Durch die Ausübung seines Freizügigkeitsrechts als Arbeitnehmer erleidet der Ehemann im Streitfall in Deutschland einen steuerlichen Nachteil im Verhältnis zu inländischen Arbeitnehmern, deren Haupt- und Zweitwohnung innerhalb Deutschlands liegen. Er ist zudem steuerlich benachteiligt gegenüber Arbeitnehmern, die aus Mitgliedstaaten der EU oder des EWR stammen und im Herkunftsland ihren Haushalt beibehalten, gleichzeitig aber in Deutschland arbeiten und wohnen.

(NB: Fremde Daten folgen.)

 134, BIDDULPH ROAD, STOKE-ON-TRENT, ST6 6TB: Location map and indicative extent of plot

Es sei kein Grund ersichtlich, die Ausweitung der Abzugsfähigkeit auf die EU/EWR-Länder nicht auch auf Haushalte in der Schweiz vorzunehmen, wenn die weiteren Voraussetzungen erfüllt sind.

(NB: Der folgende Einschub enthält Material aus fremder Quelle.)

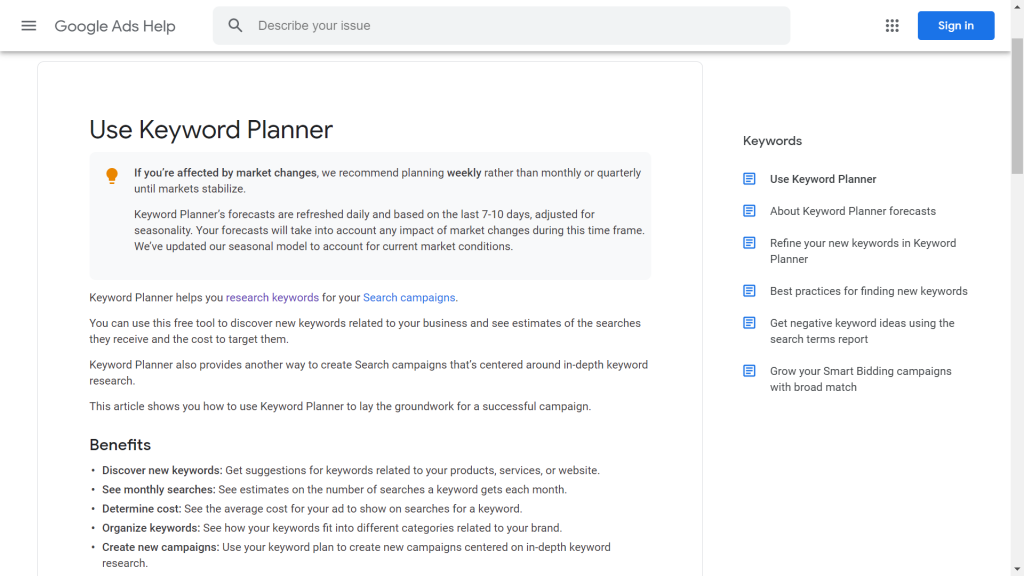 planificador de palabras clave de google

Fazit: Auch in der Vergangenheit hat der EuGH in Streitfällen mit Verweis auf das Freizügigkeitsabkommen zu Gunsten der Steuerpflichtigen entschieden. So beispielsweise in Bezug auf die Zusammenveranlagung (EuGH, Urteil vom 28. Februar 2013, C 425-11) oder die Möglichkeit der Antragsveranlagung (EuGH, Urteil vom 30. Mai 2024, C 627/22). Steuerpflichtige in vergleichbaren Situationen sollten daher Steuerbescheide offenhalten, um von einem möglicherweise positiven Urteil zu profitieren.